Capability Intent Actions

Project Hadron is designed using Microservices. Microservices are an architectural patterns that structures an application as a collection of services, which, themselves are a component or collection of components. In Project Hadron these components are known as Capabilities.

Introduction

Capabilities, by design, demonstrates the ability to execute a specified set of action that are coupled with an intention. These intended actions or intent actions are associated classes that present a finite set of methods that can be selected and optimized within the capabilities separation of concerns.
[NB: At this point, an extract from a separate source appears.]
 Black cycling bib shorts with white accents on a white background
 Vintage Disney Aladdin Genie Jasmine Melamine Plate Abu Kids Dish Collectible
Though capabilities share common parentage, it is this associative intent that define the encapsulated actions of that capability. Intent actions derives from an abstract intent class and are associated with a capability namesake. Intent actions are therefor accessed through a concrete and common named capability and captured in that capabilities.

../../_images/component_intent_class_uml.png
  • component intent class UML

This association means intent actions are captured as part of a capabilities recipe. The following capabilities provide accompanying intent actions:

  • FeatureSelect: Reduce dimensionality of a dataset through reduction techniques.

  • FeatureEngineer:
    • correlate: Modify two value sets into a third value set.

    • model: Remodel a dataset through merge, group and other actions.

    • build: Generate synthetic data through analysis and statistics.

  • FeatureTransform: Transformation of data for model optimisation.

  • FeaturePredict: Automatically run model predictions.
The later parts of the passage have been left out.